The following spring, Frederick said, Lexie boarded her bus with a large welt on her head.
Lexie told her, "I hit myself." Frederick asked her why, and she replied, "If I don't, my mom is going to hit me," Frederick recalled.
Lexie told Romero that her mother would order her to hit herself and that she would videotape it, Romero said.
Frederick and Romero said they notified Lexie's school, PACE West, about the welt on her head, and Frederick told officials at Prince William's Department of Social Services about the welt and the marks on her wrists. Officials told her that they would look into it.
"It didn't do any good," Frederick said.
In October, Lexie came to the bus on two occasions in her underwear, Frederick said. The first time, Frederick and Romero gave her a coat and blanket and called their dispatcher. Police went to the house but returned her to her mother after Lexie remained quiet.
"I said, 'Can't you do anything?' " Frederick said. "They said, 'Ma'am, we can't charge her with anything.' "
The next school day, Lexie came to the bus in the same condition, this time with Gregg-Glover close behind, videotaping the incident and ranting that she could not tolerate the girl any longer before taking the girl back inside, Frederick said.
"She said, 'I don't know what I'm going to do. She's ruining my life, and I want her out,' " Frederick said.
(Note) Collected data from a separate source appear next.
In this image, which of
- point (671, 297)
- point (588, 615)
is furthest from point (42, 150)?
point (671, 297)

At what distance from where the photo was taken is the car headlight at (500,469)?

Shortly after that, Lexie was pulled out of PACE West, and Frederick never saw her again.
Troubling reports persisted into the weeks before her death, when Lexie ran away at least three times in December, only to be returned to Gregg-Glover, according to neighbors and officials. On March 11, because of her habit of running off, she was fitted with a locator bracelet, used to track endangered people, by sheriff's deputies, officials said.
On Dec. 2, about five weeks before her death, Lexie showed up outside neighbor Wes Byers's house early in the morning, as temperatures hovered near freezing. She told Byers and his wife that she had run away after her mother opened a quarter-size gash on her head with a stick, and she was wearing a tarp used to cover a grill, Byers said. She pleaded with him not to be sent home.
After clothing and feeding Lexie, who was famished, Byers called authorities. Police came to his house and took Lexie to a hospital, and Byers followed. Gregg-Glover arrived there, as did a county social worker. Lexie's mother told police that her daughter had a habit of hitting herself and she had the video to prove it, Byers said he was told by police. Lexie left with Gregg-Glover that day, he said.
In late December, sheriff's deputies tracking Lexie with the bracelet found her inside the house of her next-door neighbor, Jonah Seaman. Seaman said deputies found Lexie in red pajamas, hiding behind a Christmas tree in his living room, devouring a bowl of cereal she had taken from his kitchen.
"She looked terrified," Seaman said. "She looked really scared."
After reporting her missing one last time, Gregg-Glover positioned the tracking bracelet near a Manassas library to make police think Lexie had run off the day she disappeared in January, police said.
Two days later, a man out for an afternoon walk discovered Lexie's body.